### Data section:
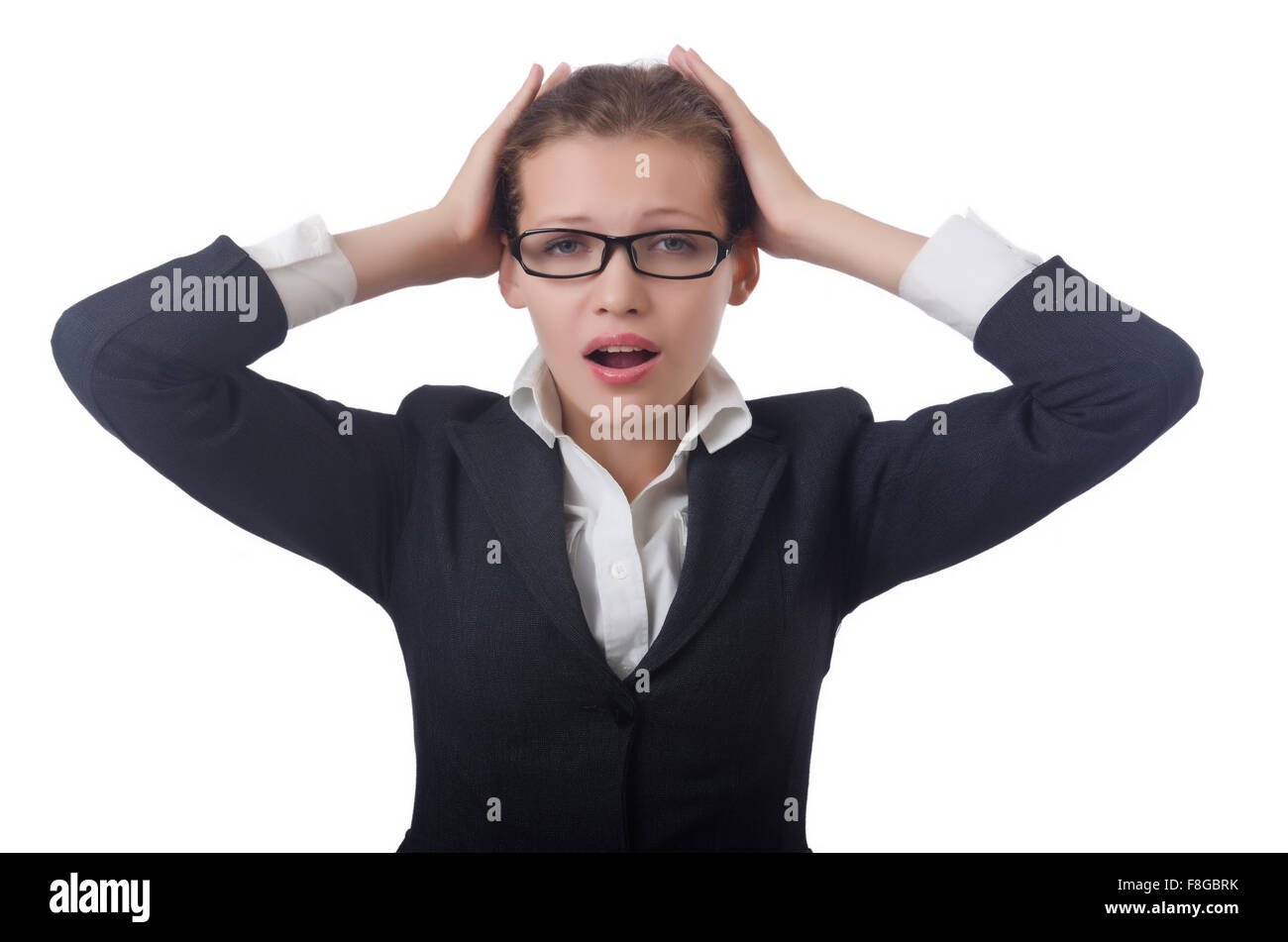 Woman businesswoman in business concept Stock Photo - Alamy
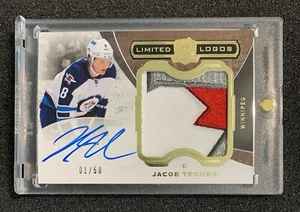 2014-15 UD The Cup #LL-TR Jacob Trouba Limited Logos Patch Autograph 01/50 - Picture 1 of 3
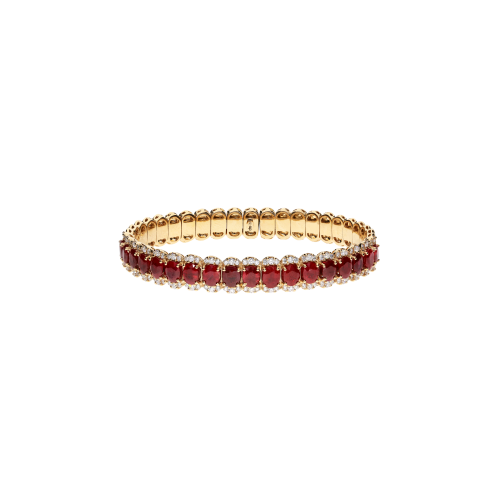 Accedi al prodotto correlato Bartorelli Italian Jewels BRACCIALE RIGIDO IN ORO ROSA CON DIAMANTI  E RUBINI - 1PU0032191/7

### Aim of the exercise:
Please retype the listing exactly, leaving out any images.

### Solution to the exercise:
 Woman businesswoman in business concept Stock Photo - Alamy
 2014-15 UD The Cup #LL-TR Jacob Trouba Limited Logos Patch Autograph 01/50 - Picture 1 of 3
 Accedi al prodotto correlato Bartorelli Italian Jewels BRACCIALE RIGIDO IN ORO ROSA CON DIAMANTI  E RUBINI - 1PU0032191/7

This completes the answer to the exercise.